There is growing evidence that heavy marijuana use is associated with an increased risk of Cannabis Induced Psychosis. We don’t know if it is a true cause-and-effect relationship; let’s hope it is not. But I think the biggest health threat is dependence, which for marijuana is something like getting stuck in the La Brea tar pits — your world just gets smaller and smaller as you get more dysfunctional.

Harvard University Marijuana Research

Over on the east coast, professors at Harvard University are echoing the same thing; putting a strong emphasis on the dangers young users may face.

Contributor Ann McDonald wrote a lengthy piece on the Harvard Medical School site, sharing statistics their researchers put together after monitoring 2,000 local teenagers. That data showed that young people who smoked marijuana at least five times were twice as likely to have developed a psychosis over the next 10 years than those who did not.

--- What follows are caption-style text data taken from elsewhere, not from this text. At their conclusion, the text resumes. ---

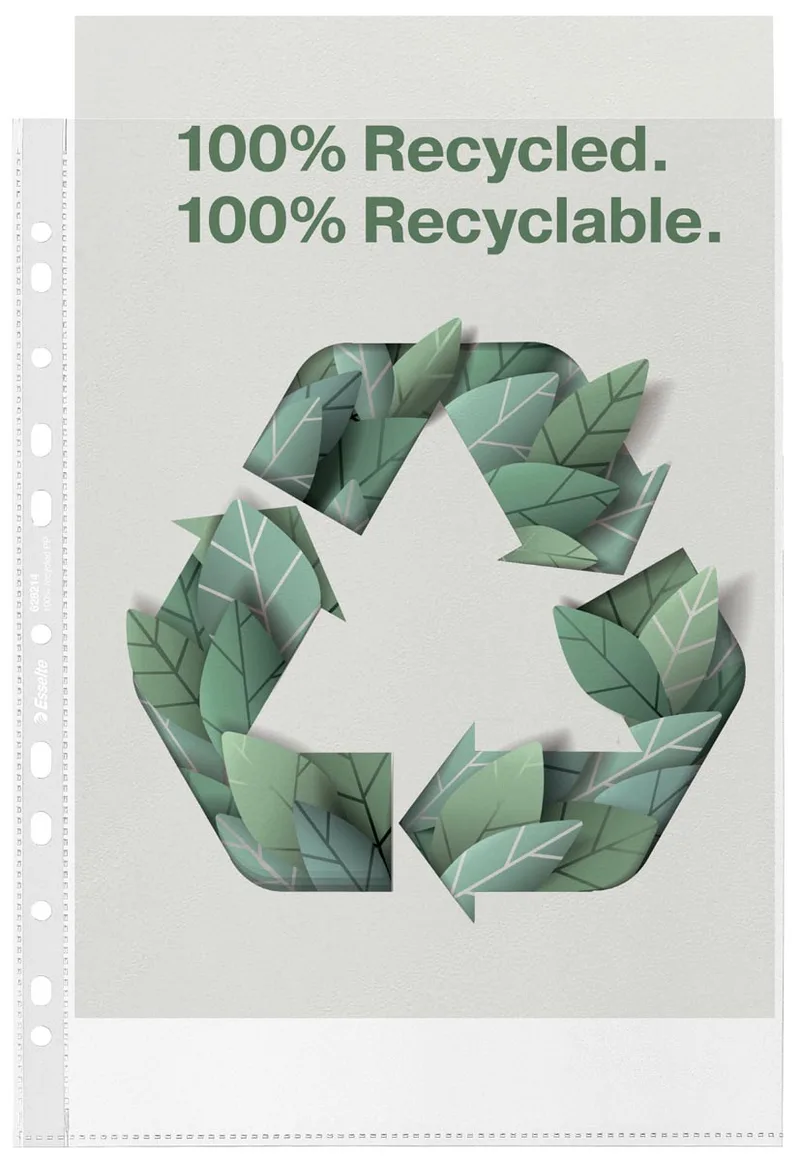 geperforeerde showtas, 100 % gerecycleerd, ft A4, 70 micron, doos van 20 stuks by Esselte – product photo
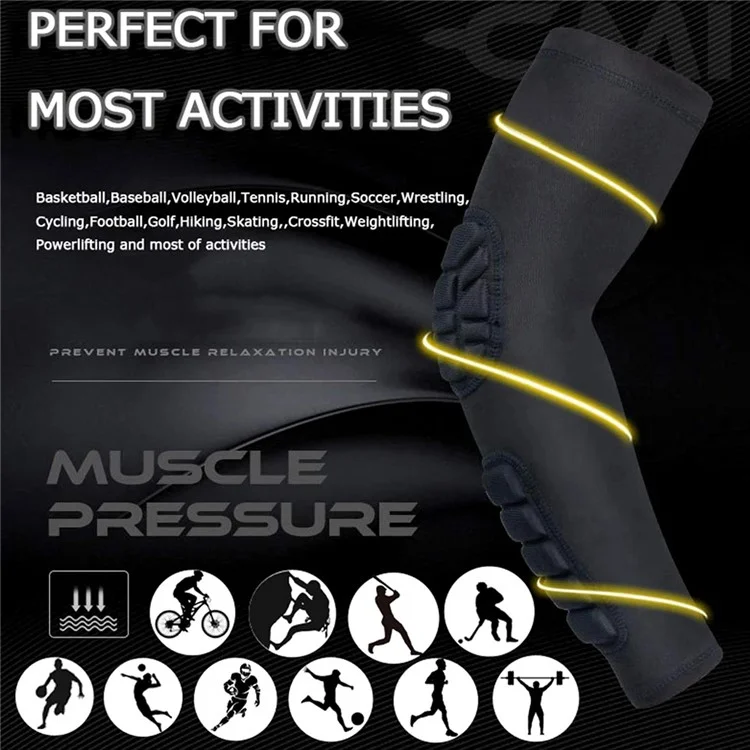 HB011 1 Stück Sport-Ellbogenbandage Waben-Kompressions-Armschutz für Basketball, Radfahren, Fitness - Schwarz M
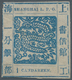 China - Shanghai: 1865, Non-seriffed Numeral, 1 Cand. Blue On Wove Paper, Livingstone 10 Printing 29 - Autres & Non Classés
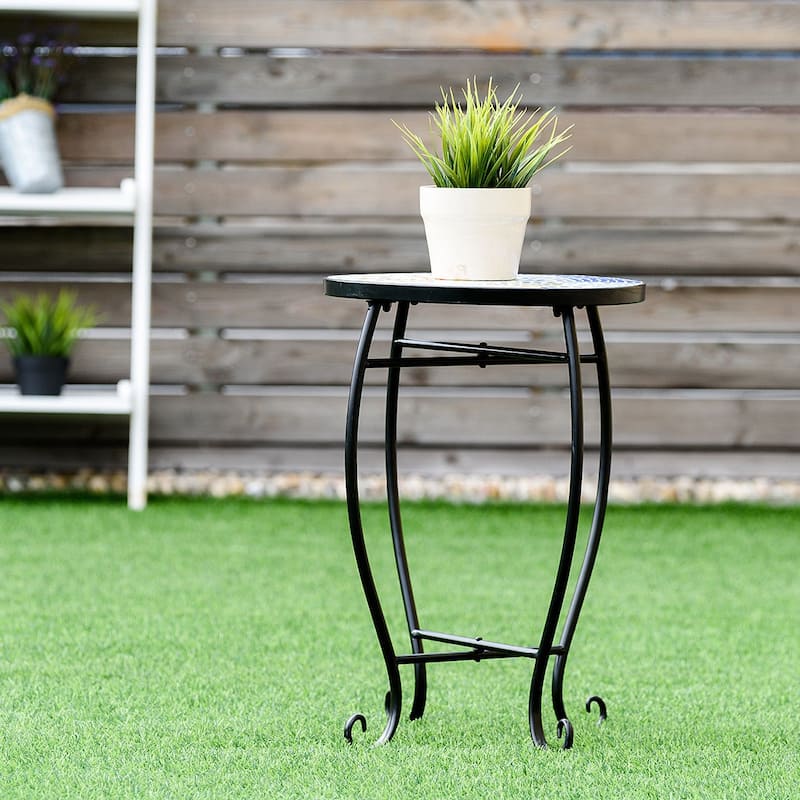 Costway Outdoor Indoor Accent Table Plant Stand Scheme Garden Steel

Other data points showed that the young smokers most at risk were the ones who have a parent or sibling suffering from a psychotic disorder. It also showed that “heavy teenage users” (smoking more than 50 times per week) were six times as likely to develop some type of mental illness.

The teenage brain is still a work in progress,” McDonald wrote. “Between the teen years and the mid-20s, areas of the brain responsible for judgment and problem solving are still making connections with the emotional centers of the brain. Smoking marijuana may derail this process and so increase a young person’s vulnerability to psychotic thinking.

The data goes much further than that, and interestingly enough, scientists from the around the world have also conducted thorough research on this topic and yielded very similar results. Sweden, for example, has published lengthy journals on the correlation between cannabis and schizophrenia, complete with bar graphs and scientific testimonials.

correlation between cannabis and schizophrenia

It is always important to keep an open mind and understand the facts before embracing a substance you’re about to put into your body. And if you are a marijuana user and are noticing psychotic symptoms begin to emerge, we want you to understand that you are not alone and help is always available.

Cannabis Induced Psychosis is very real and is often scary for those who experience it.

If marijuana use leads to addiction, it might be necessary to seek dual diagnosis treatment to overcome the issues brought on by marijuana use and mental health problems combined.